Read more at: http://www.nationalreview.com/article/427638/congress-administrative-state-clarence-thomas-ben-sasse

Do read it all.

The system has tilted the balance of power toward the executive in ways that should not be allowed to continue.

We'll see if this explanation and advocacy moves the legislature to limit the ability of the executive branch to essentially write substantive laws through the rules process.

And while I'm at it, the older I get the more thoroughly convinced I am that it was a mistake to make United States Senators elected directly by the people instead of being appointed by the state legislatures.

Again, as a staff member in the legislature, I wrote many resolutions urging Congress to do this or that. They were mostly stored in the circular file when they reached Washington, D.C. But it fed the urge to do something about a problem at the federal level.

Back in the day, such resolutions would have directed the two Michigan United States Senators to vote a certain way.

And the senators would, since their jobs depended on the state legislature. That was their constituency. No more.

And so instead of being servants of their state to protect the interests of the state against the powers of the federal government, United States Senators are just a part of the Washington, D.C. undifferentiated governing blob that grows and grows. The senators have more in common with each other than with their state.
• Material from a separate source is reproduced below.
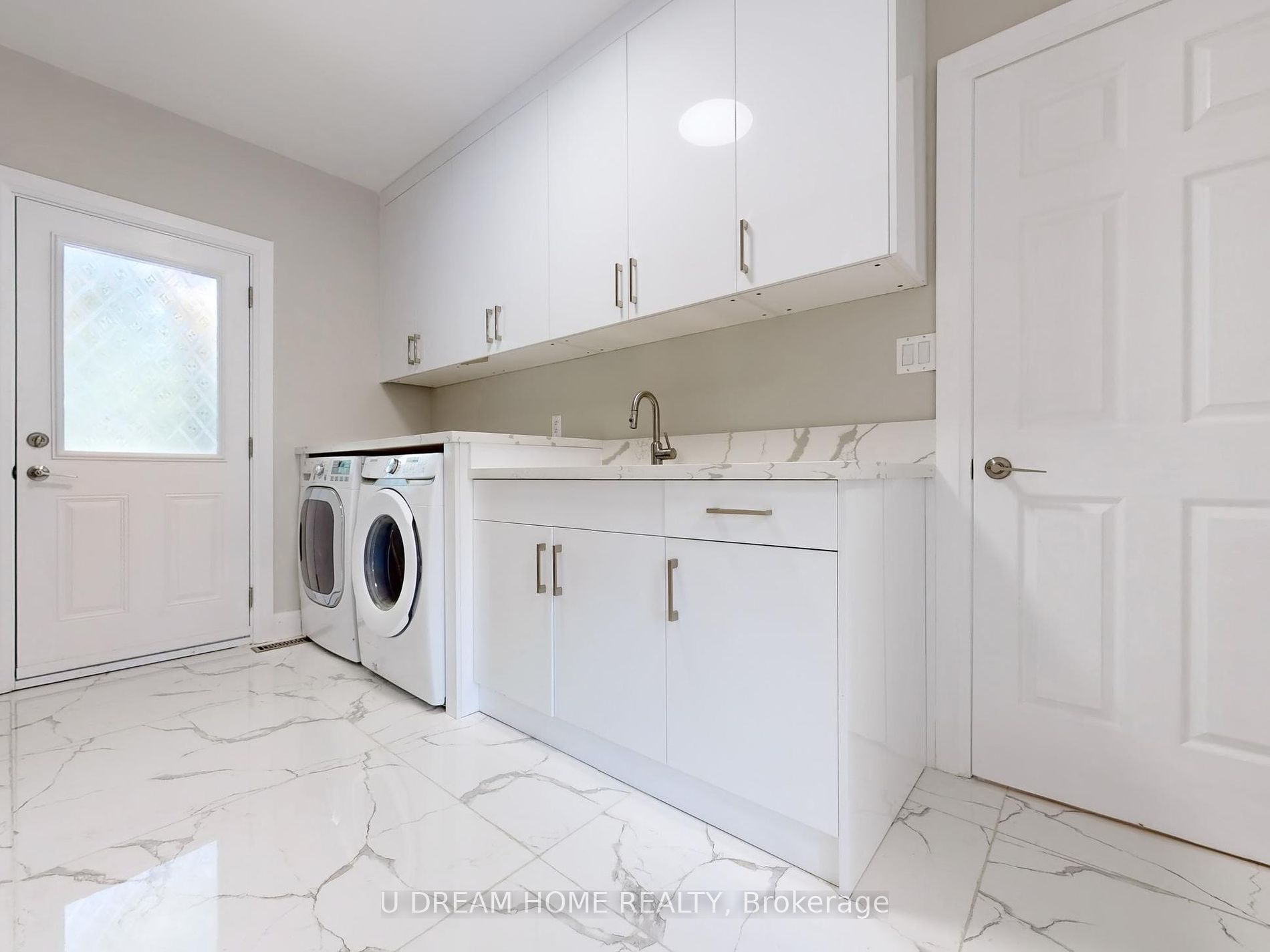 2 Jarvis Avenue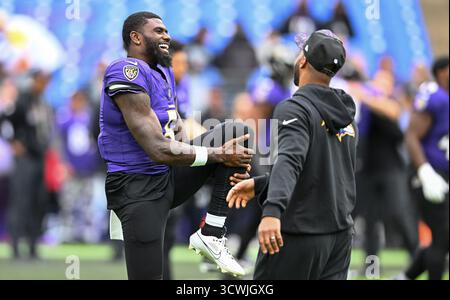 Baltimora, Stati Uniti. 12 ottobre 2025. Il quarterback dei Baltimore Ravens Tyler Huntley (5) si scalda prima di affrontare i Los Angeles Rams all'M&T Bank Stadium di Baltimora, Maryland, domenica 12 ottobre 2025. Foto di David Tulis/UPI credito: UPI/Alamy Live News Foto Stock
Many people are too young to remember the expression "don't make a federal case out of this," meaning don't make some relatively trivial issue or dispute more of a big deal than it justifies.

The assumption behind that admonition was that the federal government only interested itself in national issues or really important state issues, leaving smaller issues to states and local governments.

Who uses that expression now? It wouldn't even make sense given how far the power of Washington, D.C. reaches into our lives.

And so power has shifted from the legislative to the executive branch; and from the states to the federal government. All fed by growing revenue at the federal level and a growing sense that no issue is too local to escape federal power.

Can you really say that we've benefited from this shift?